Герой «Тайпи» возвращается в цивилизованный мир, не останавливаясь даже перед убийством своего друга тайпи, пытавшегося в последнюю минуту преградить ему путь. Кровь, пролитая на рубеже двух миров — романтически идеального мирка Тайпи и огромного мира цивилизованного человека, — эта кровь как бы подчеркивает и символизирует неодолимость пропасти, которая разделяет эти миры. Мелвилл не звал и не пытался звать своих современников «назад к природе». Он понимал, что возврата к прошлому нет и не может быть. Он, увы, не угадывал и иного выхода — выхода в Будущее. Однако своим шестым чувством художника Мелвилл ощущал, что настоящее нетерпимо, немыслимо, человекопротивно.

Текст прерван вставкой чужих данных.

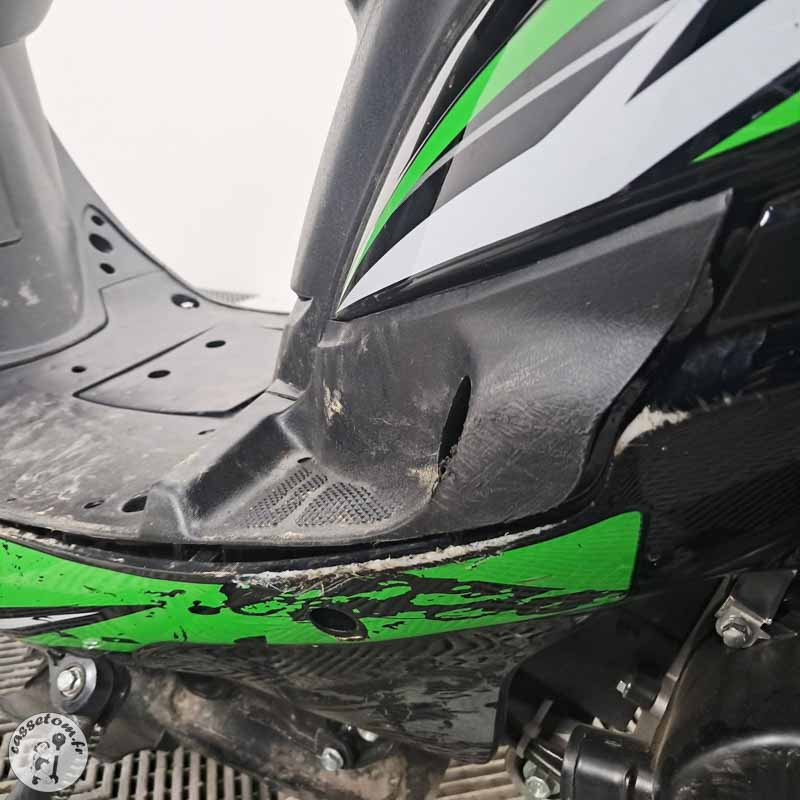 JIAJUE JJ50QT 500 2025 accidenté - La Casse de l Oncle Tom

Нужно сказать, что подобного рода неприятие набиравшей тогда силы капиталистической цивилизации было присуще не только Мелвиллу, но и многим другим американским писателям. Это и понятно: в американском обществе еще не окрепли и не выявились в то время социальные силы, которые бы могли определить пути и средства освобождения Человека, Личности от капиталистического рабства. Но уже на все Соединенные Штаты раздавались громкие отчаянные голоса Вашингтона Ирвинга, Фенимора Купера, Эдгара По, Натаниэля Готорна, Германа Мелвилла — голоса неисправимых мечтателей и пламенных обличителей пороков буржуазного мира.